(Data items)

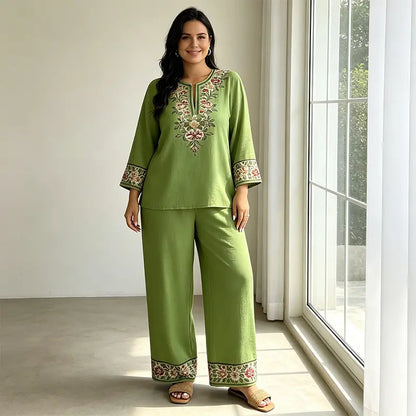 Juliet | Laneni ženski dvodijelni set, široke hlače i opuštena bluza, prozračan i lagan, idealan za ljeto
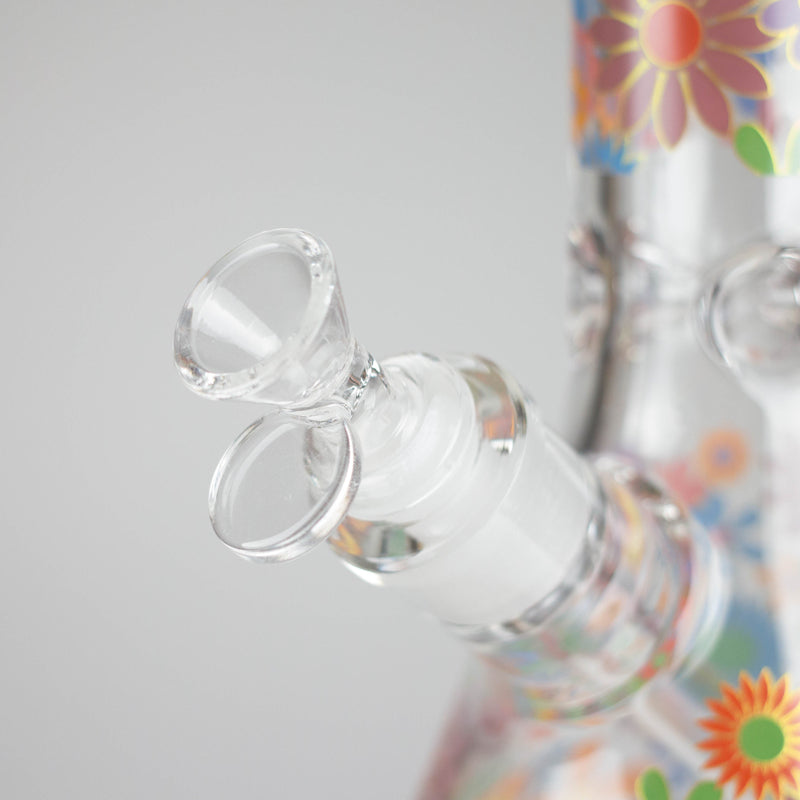 O 14″ 7mm Glass Beaker Bong with Assorted Flower Design & Ice Catcher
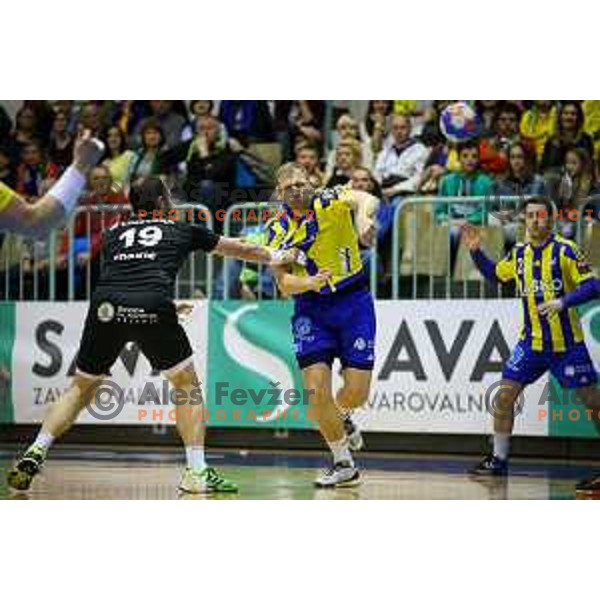 Ziga Mlakar of Celje in action during handball match between Celje PL - Gorenje Velenje, semi final Slovenia cup match 2016/17, played in Dvorana Tabor, Maribor, Slovenia on April 15, 2017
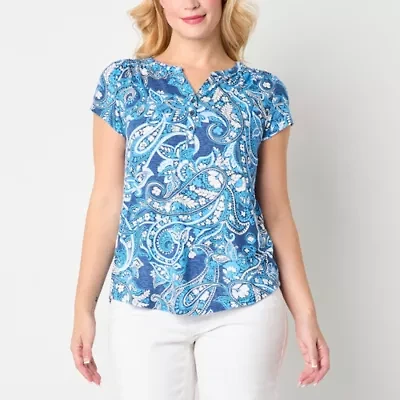 Liz Claiborne Womens Split Crew Neck Short Sleeve Blouse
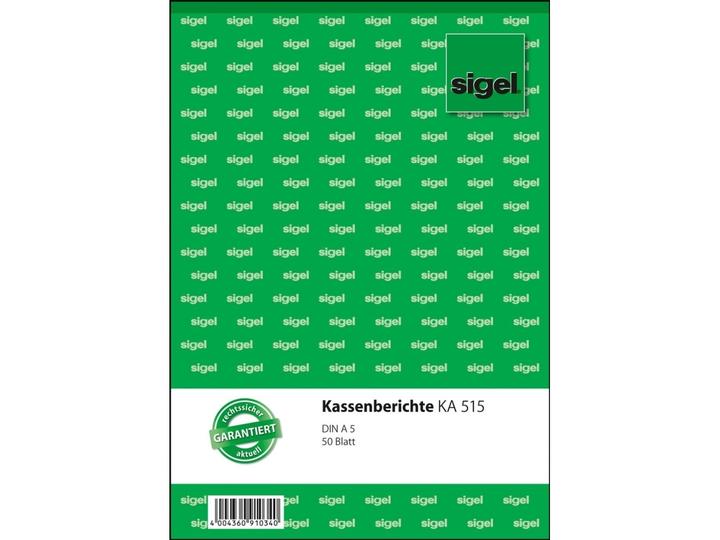 Produktbild Sigel Kassenbericht Formular Papierformat: DIN A5 Anzahl der Durchschläge: 1 Durchschlag (50 x)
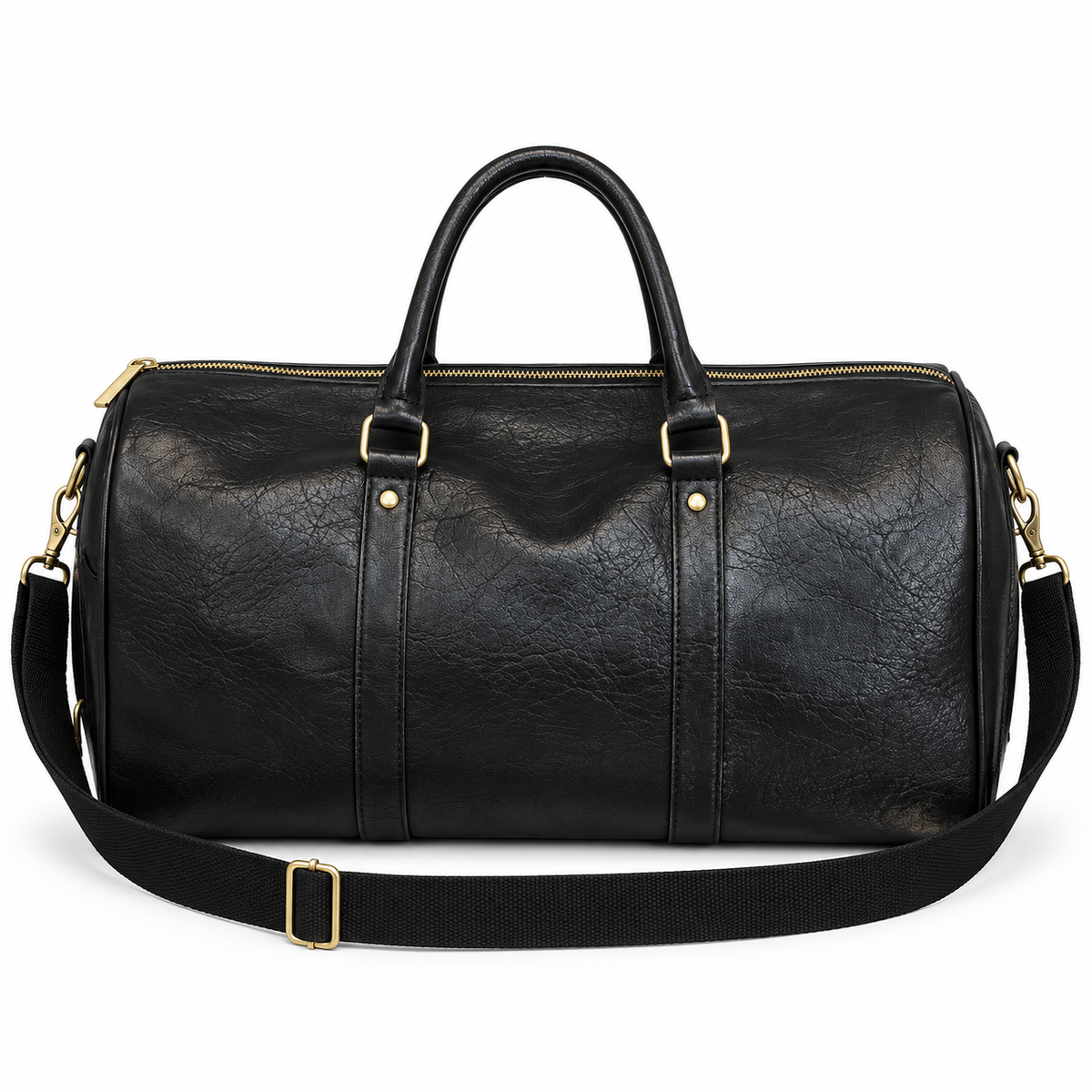 Classic Black Leather Travel Duffel Bag-2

Exercise details:
Print out the entries once more, unchanged. No pictures.

Answer to the problem:
 Juliet | Laneni ženski dvodijelni set, široke hlače i opuštena bluza, prozračan i lagan, idealan za ljeto
 O 14″ 7mm Glass Beaker Bong with Assorted Flower Design & Ice Catcher
 Ziga Mlakar of Celje in action during handball match between Celje PL - Gorenje Velenje, semi final Slovenia cup match 2016/17, played in Dvorana Tabor, Maribor, Slovenia on April 15, 2017
 Liz Claiborne Womens Split Crew Neck Short Sleeve Blouse
 Produktbild Sigel Kassenbericht Formular Papierformat: DIN A5 Anzahl der Durchschläge: 1 Durchschlag (50 x)
 Classic Black Leather Travel Duffel Bag-2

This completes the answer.